19.11.02

Los cerebros de Tubinga


Las masas encefálicas de Ulrike Meinhof, Andreas Baader, Gudrun Ensslin y Jan-Carl Raspe permanecieron largos años al margen de los titulares, resguardados por sus respectivos frascos de formol en un laboratorio de la Universidad de Tubinga. Según la versión oficial, los propietarios originales de esos órganos se suicidaron en prisiones de alta seguridad de Alemania, entre el 9 de mayo de 1976 y el 18 de octubre del año siguiente. Ulrike y Gudrun, las mujeres, decidieron estrangularse, en tanto que Andreas y Jan-Carl optaron por un tiro en la cabeza. Hay numerosos indicios de que Meinhof, Baader, Ensslin y Raspe fueron en realidad asesinados por el Estado alemán, el cual, posteriormente, confiscó sus cerebros peligrosos para buscar el bulbo responsable de la personalidad incendiaria o la glándula que produce ideas terroristas.
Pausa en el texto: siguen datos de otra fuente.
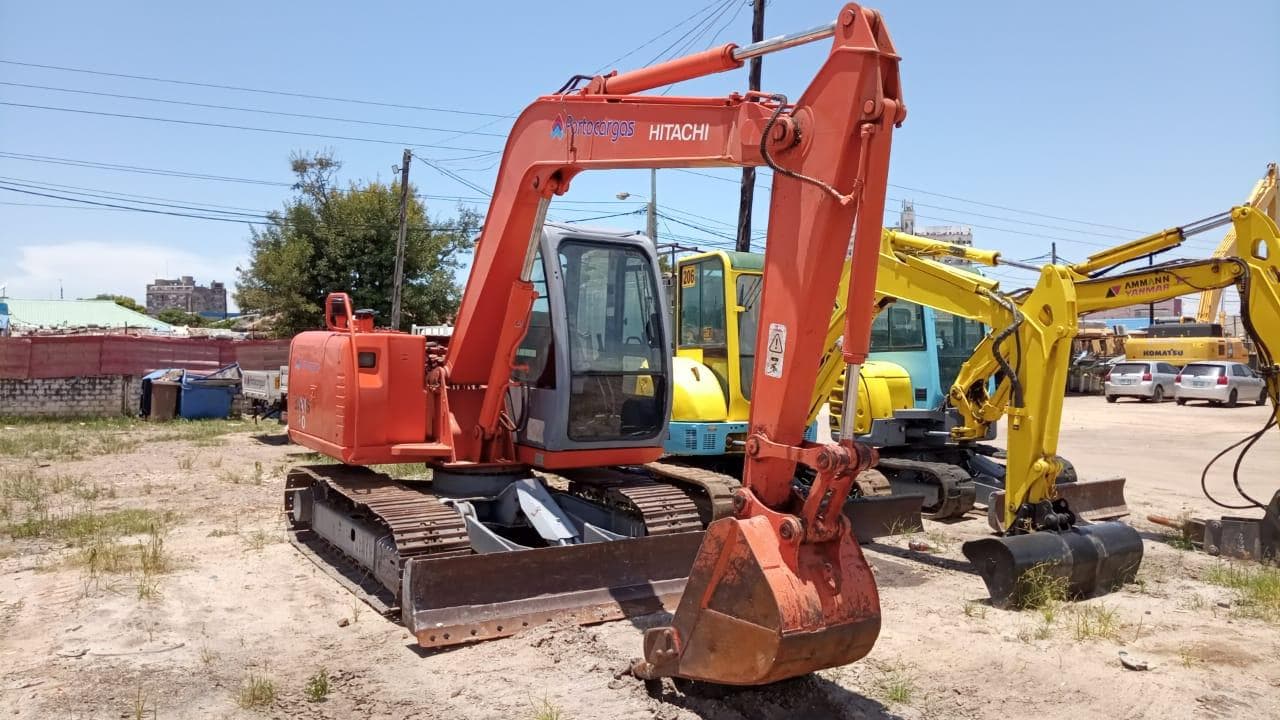 Giratória Hitachi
En efecto, los cuatro occisos eran gente violenta y poco reflexiva, pero hay que recordar que en aquellos años la afición por las ametralladoras y las granadas de mano era políticamente correcta. Las máximas potencias militares buscaban desesperadamente el flogisto de la sobrevivencia nuclear --librar una guerra atómica y ganarla: he ahí el dilema--, Yasser Arafat se subía a la tribuna de la ONU con un revólver colgado de la cintura, las damas de la alta sociedad centroamericana organizaban colectas piadosas para sufragar los gastos de los escuadrones de la muerte, Estados Unidos provocaba un infierno en el sudeste asiático para implantar el paraíso de la democracia y la libertad, y nadie pensaba en las ocurrencias del Che Guevara de crear muchos Vietnams como un indicativo de trastornos que habrían requerido de ayuda profesional urgente.
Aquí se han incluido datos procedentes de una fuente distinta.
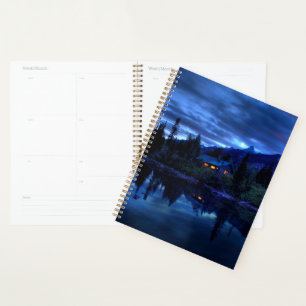 Water Jenny Lake Grand Teton National Park Planner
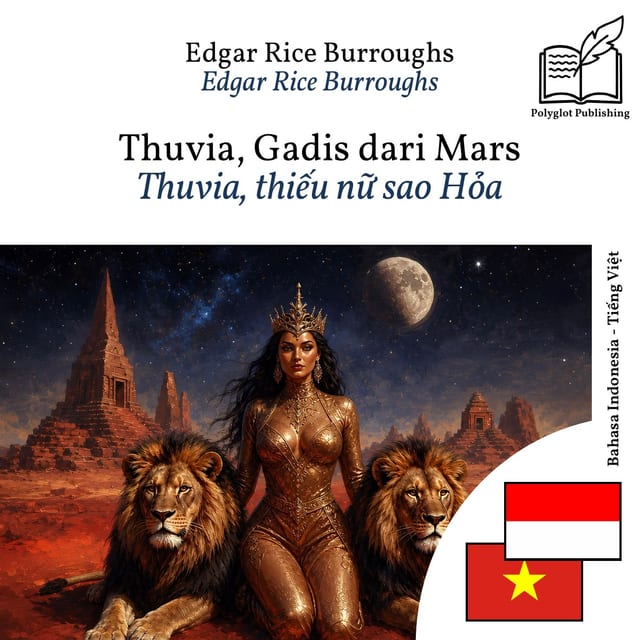 Thuvia, thiếu nữ sao Hỏa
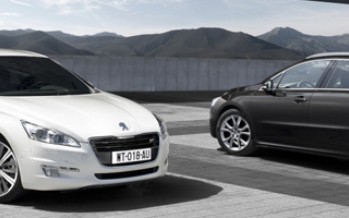 Peugeot 508 Business Line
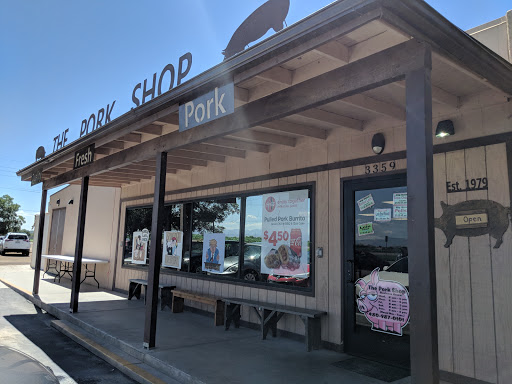Butcher Shop «The Pork Shop», reviews and photos, 3359 E Combs Rd, San Tan Valley, AZ 85140, USA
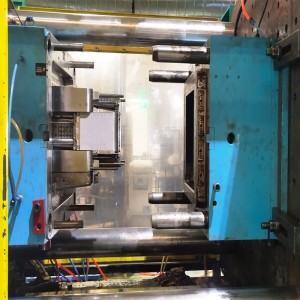 Nauwkeurig matrijsontwerp ISO-certificaten prototype auto-plastic onderdelen voor machine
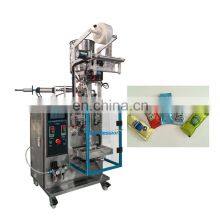 Устройства для упаковки жидкой пасты, ресторанного соуса, свинины и сливочного масла в пакетики от vffs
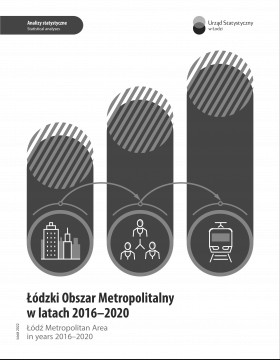 Łódzki Obszar Metropolitalny w latach 2016-2020
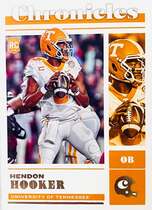 2023 Panini Chronicles Draft Picks #19 Hendon Hooker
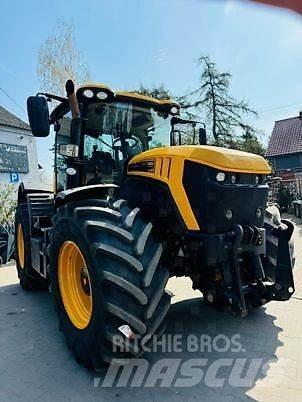 JCB FASTRAC 4220 Traktorji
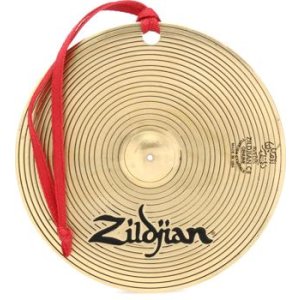 Zildjian Cymbal Clock - 13-inch Diameter | Sweetwater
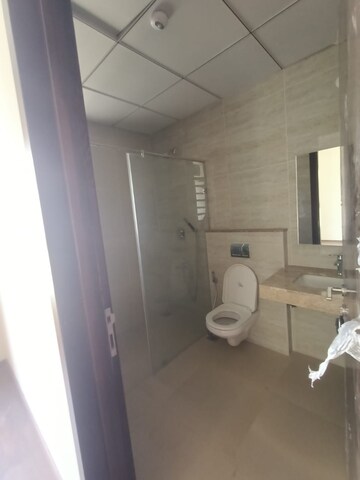 Bathroom in 3.5 BHK Apartment at Century Ethos, Hebbal – for Rent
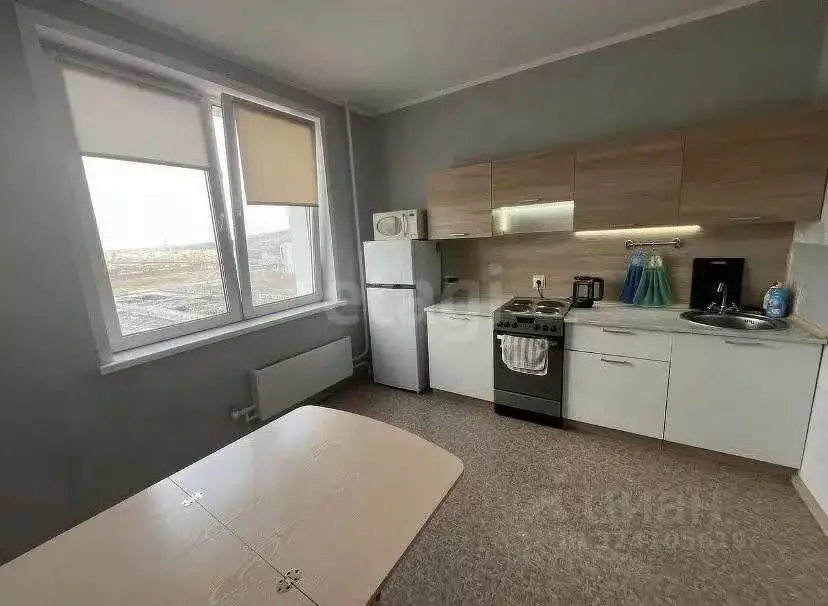 1-к кв. Красноярский край, Красноярск ул. Лесников, 25А (38.5 м) - Фото 1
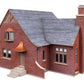 Walthers 933-4250 HO Tudor House Building Kit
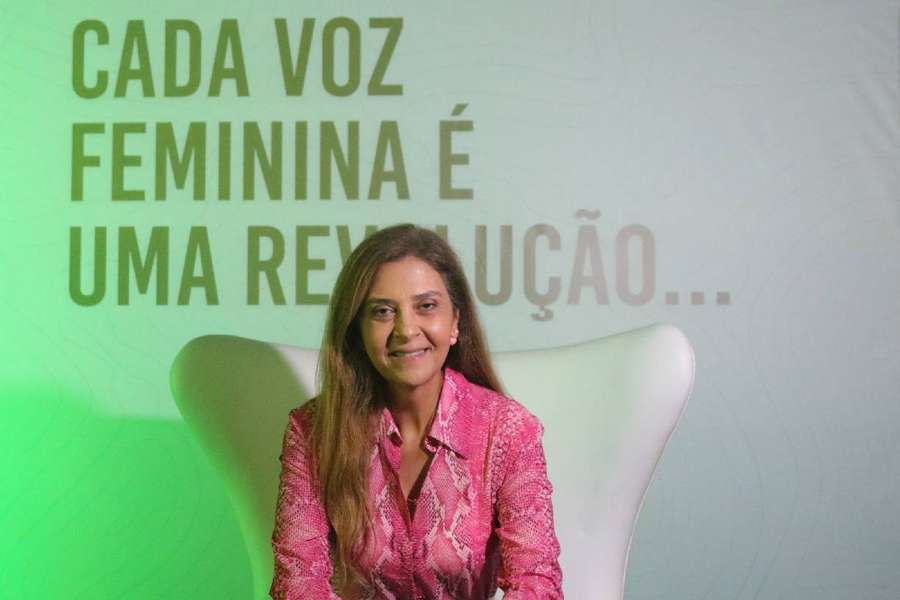 Leila Pereira pediu para Textor apresentar as provas que afirma ter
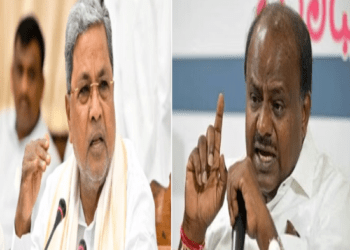 ಕರ್ಮ ಹಿಟ್ಸ್‌ ಬ್ಯಾಕ್‌ ಸಿದ್ಧರಾಮಯ್ಯ ಎಂದರೇಕೆ ಕುಮಾರಸ್ವಾಮಿ..? ದೊಡ್ಡ ಕಥೆಯೇ ಇದೆ..!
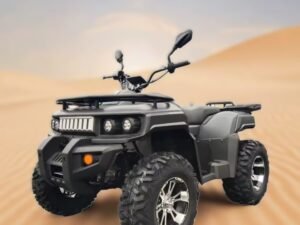 SXLL 5000W Electric 4x4 ATV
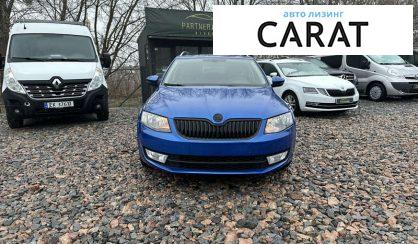 Skoda Octavia 2016
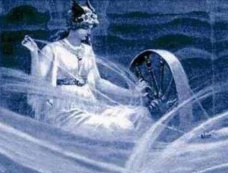 北欧神话:亚萨园中的女神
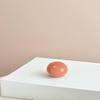 UPKOCH Dummy Eggs, Set of 9 Wooden Eggs for Easter, Tole Painting, DIY Crafts, Egg-Laying, Nesting, Practice, Pretend Play, Kitchen, Food Storage,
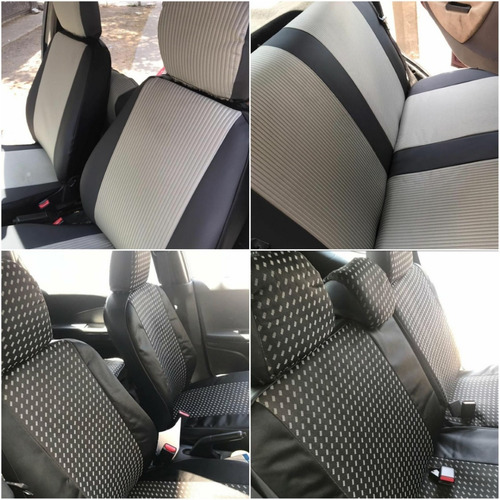 Cubreasientos Hyundai Creta Grand Gl Mod. 2025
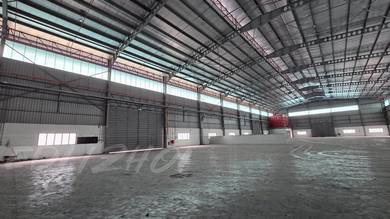 Warehouse / Factory For Sale in Klang,SGR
En aquel entorno resultaba legítimo promover por cualquier medio la implantación de las propuestas propias para la felicidad universal, y en ese afán los dirigentes y militantes de la Rote Arme Fraktion (RAF; se estima que el grupo estaba compuesto por unas pocas decenas de activistas, dos centenares de elementos de apoyo y un máximo de 3 mil simpatizantes) no daban descanso a los gatillos. Para lograr su noble propósito de liquidar el capitalismo, los terroristas de la RAF incendiaron almacenes, asaltaron bancos, ejecutaron a jueces, fiscales y empresarios y, en colaboración con grupos palestinos radicales, secuestraron aviones repletos de burgueses. En respuesta, el gobierno de Bonn desató una represión desmesurada que causó mucho más daño al estado de derecho que los propios terroristas.
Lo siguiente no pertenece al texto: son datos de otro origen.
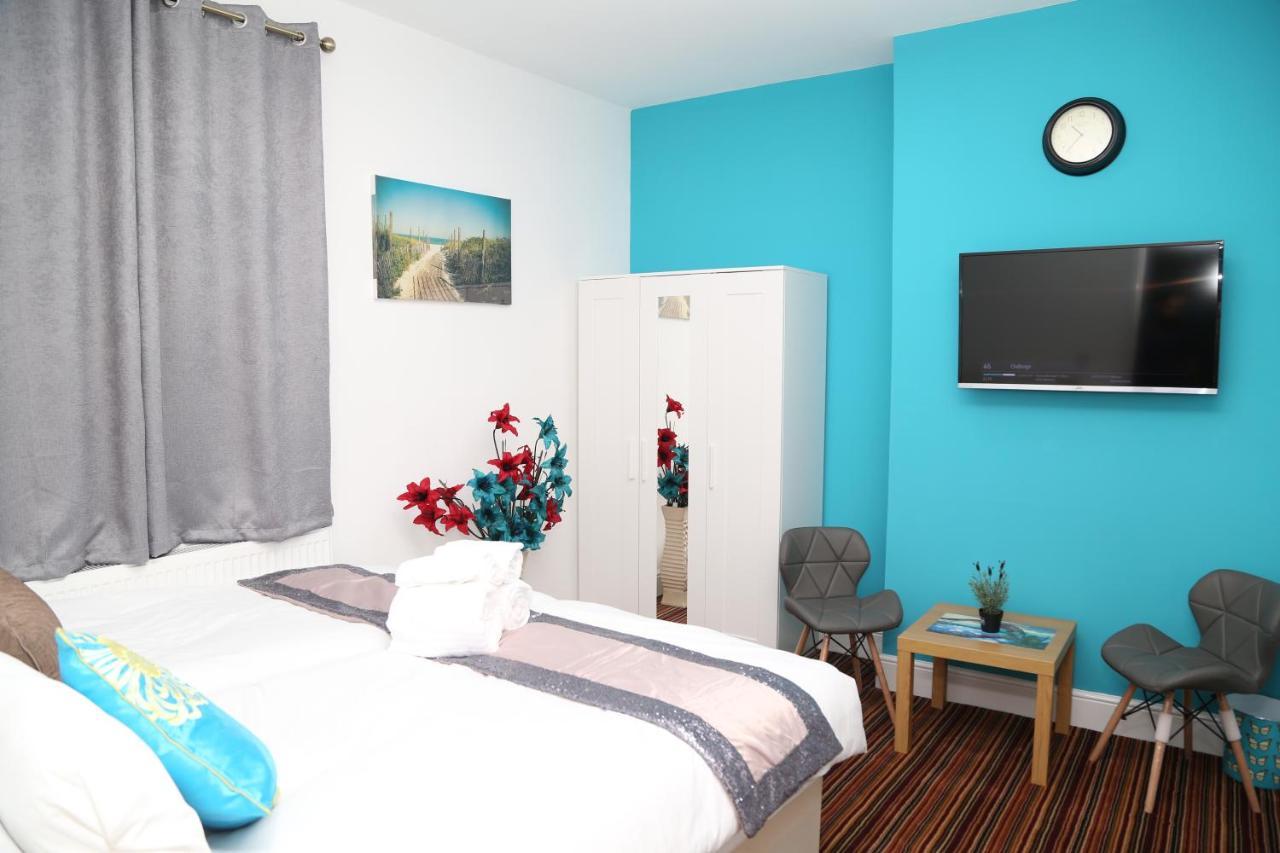 Birmingham Central Station Apartment 外观 照片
Con sus principales dirigentes en prisión, la RAF libró una guerra sin cuartel, a punta de aerosecuestros, para lograr la liberación de Meinhof, Baader y los demás. Uno de esos episodios fue el célebre desvío de un avión de Air France a Entebbe, Uganda, acción que fue abortada por comandos israelíes; el gobierno de Bonn replicó con un boletín en el que se informaba de la muerte en prisión, por ahorcamiento, de Ulrike Meinhof; el asunto culminó con el secuestro de un aparato de Lufthansa que iba de Mallorca a Frankfurt y que terminó en Mogadiscio, Somalia, en donde unos comandos alemanes liberaron a los pasajeros y mataron a tres de los cuatro secuestradores. Unas horas más tarde, las autoridades germanas aseguraron sin rubor que los cabecillas de la RAF que permanecían en la cárcel de alta seguridad de Stuttgart habían cometido suicidio colectivo. En todo caso, sus cerebros fueron preservados y encomendados, para su estudio, al profesor Juergen Peiffer, de la Universidad de Tubinga.

El pasado fin de semana se denunció la desaparición de los órganos. Peiffer aclaró que, cuando él se retiró, en 1988, dejó los órganos en un anaquel de su laboratorio y que no supo más. Nadie tiene claro si las masas encefálicas fueron hurtadas, si un intendente rompió por descuido los frascos y luego borró las huellas, si los cerebros decidieron pasar a una condición de clandestinidad aún más severa que la muerte clínica o si escaparon de su encierro para buscar un poco de afecto.